#### INSTRUCTIONS FOR THE TASK
With pictures removed, output every record below exactly as written.

=== EXTRACTED DATA ===

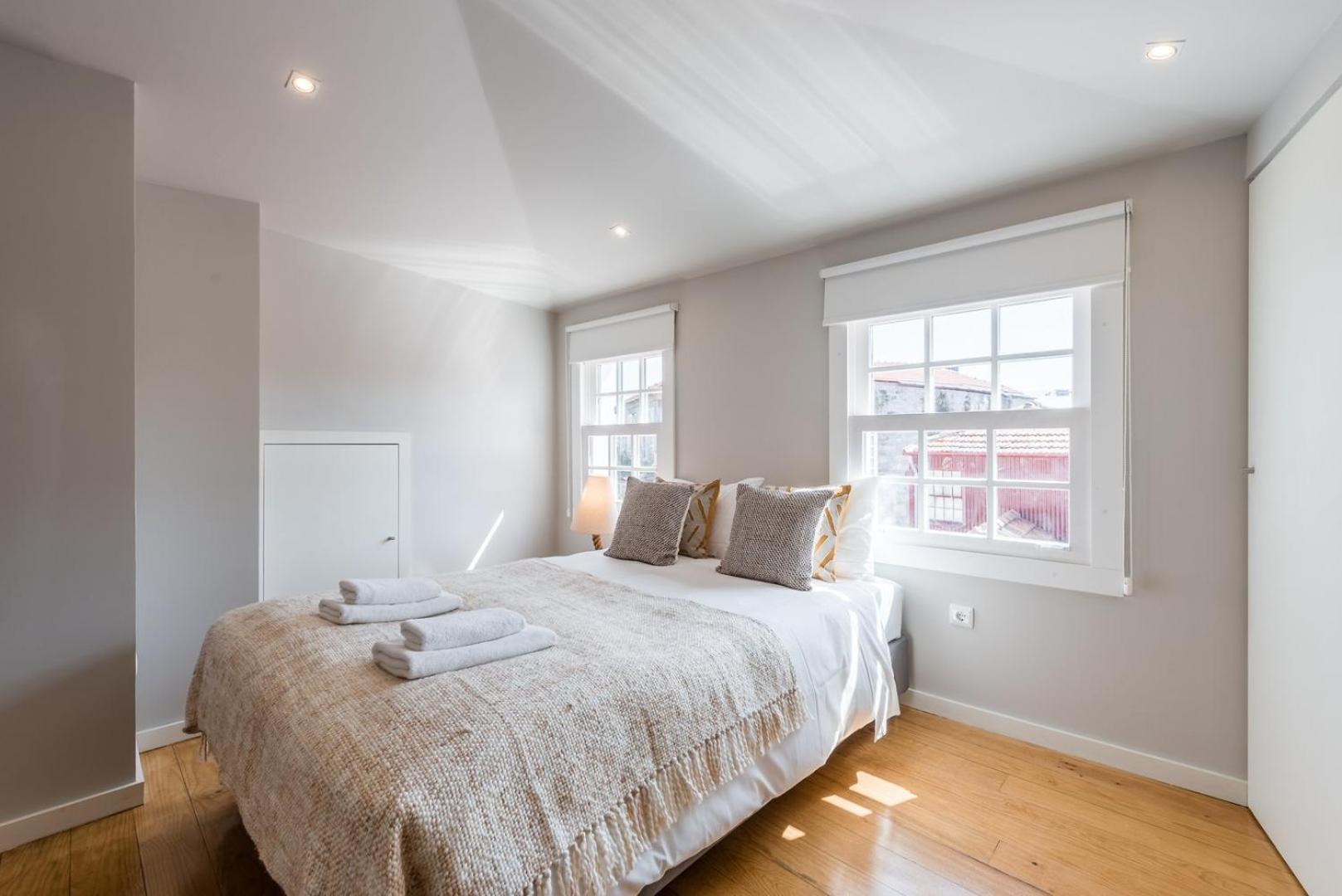 Guestready - Chic Retreat In The Heart Of Porto Apartment ภายนอก รูปภาพ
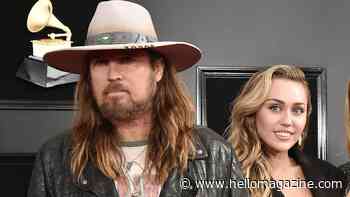Miley Cyrus jokes of dad Billy Ray Cyrus' 'narcissism' as she addresses their relationship amid Firerose divorce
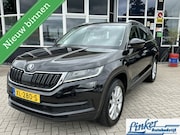Skoda Kodiaq - 1.5 TSI 4x4 Scout Business - NL-AUTO TREKH CANTON SOUND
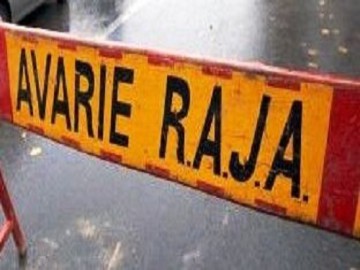 RAJA oprește apa! Vezi dacă ești afectat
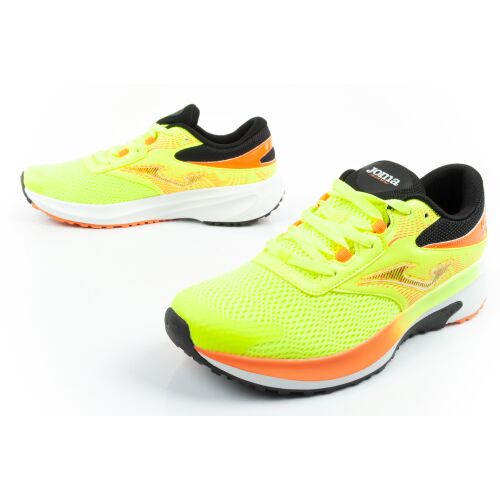 Joma Active 2609 Fluor Sárga [RACTIS2609] 42. évfolyam 181168248 - Férfi sportcipő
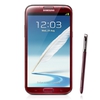 Смартфон Samsung Galaxy Note 2 GT-N7100ZRD 16 ГБ - Черногорск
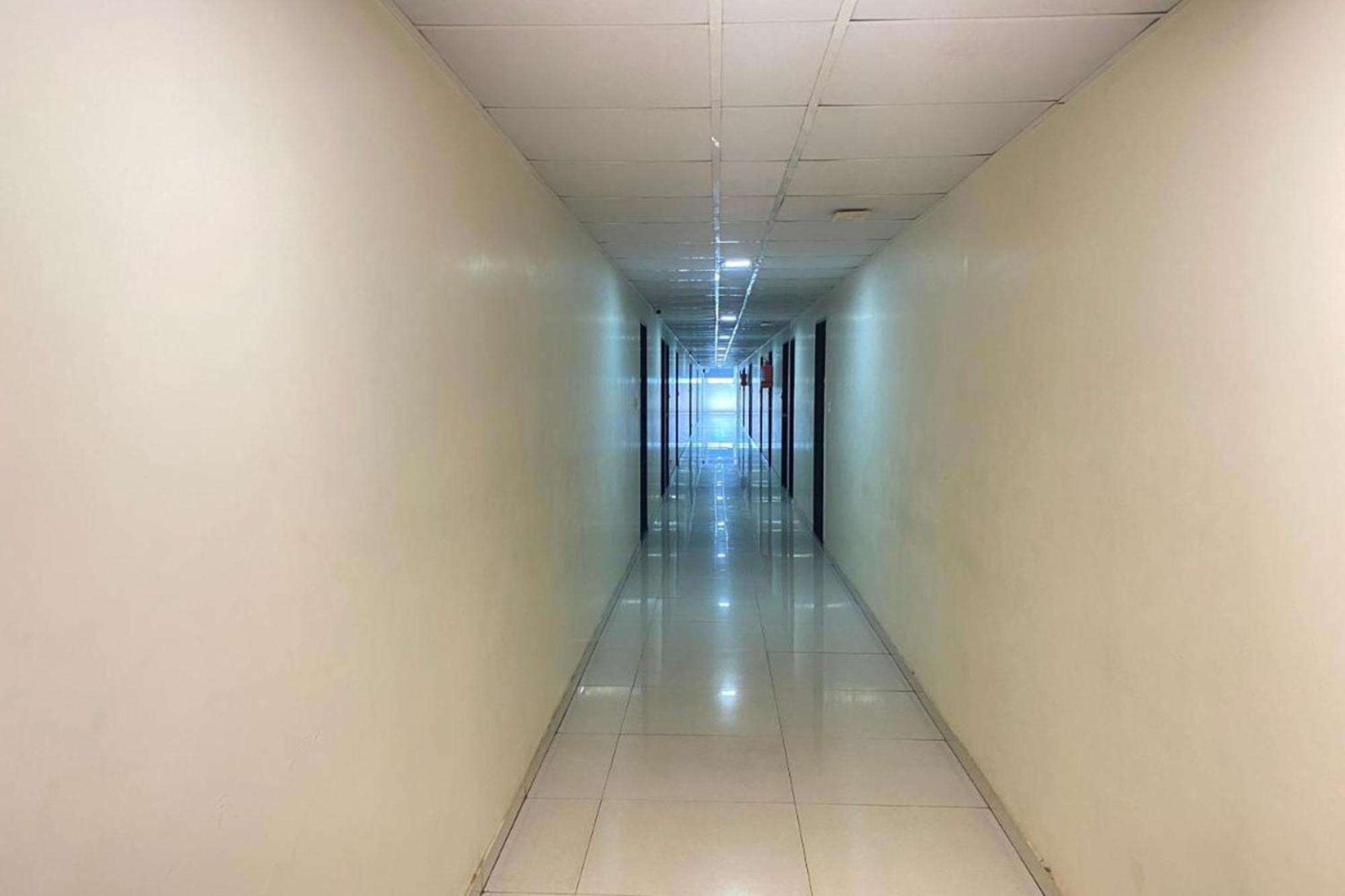 Hotel Kalyan Palace 2*
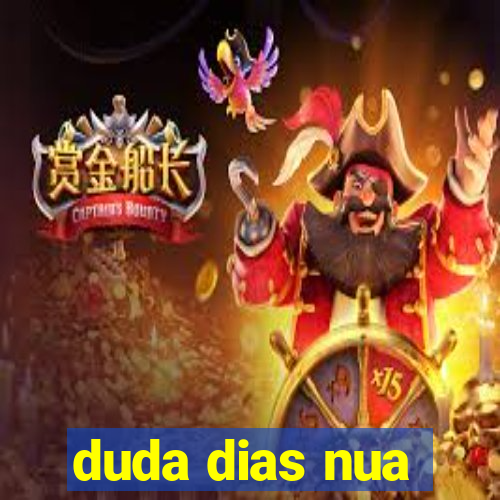 duda dias nua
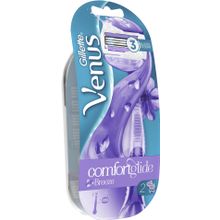 Venus Comfortglide Breeze 1 блистер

===

#### TASK SOLUTION
 Guestready - Chic Retreat In The Heart Of Porto Apartment ภายนอก รูปภาพ
Miley Cyrus jokes of dad Billy Ray Cyrus' 'narcissism' as she addresses their relationship amid Firerose divorce
Skoda Kodiaq - 1.5 TSI 4x4 Scout Business - NL-AUTO TREKH CANTON SOUND
 RAJA oprește apa! Vezi dacă ești afectat
 Joma Active 2609 Fluor Sárga [RACTIS2609] 42. évfolyam 181168248 - Férfi sportcipő
 Смартфон Samsung Galaxy Note 2 GT-N7100ZRD 16 ГБ - Черногорск
 Hotel Kalyan Palace 2*
 duda dias nua
 Venus Comfortglide Breeze 1 блистер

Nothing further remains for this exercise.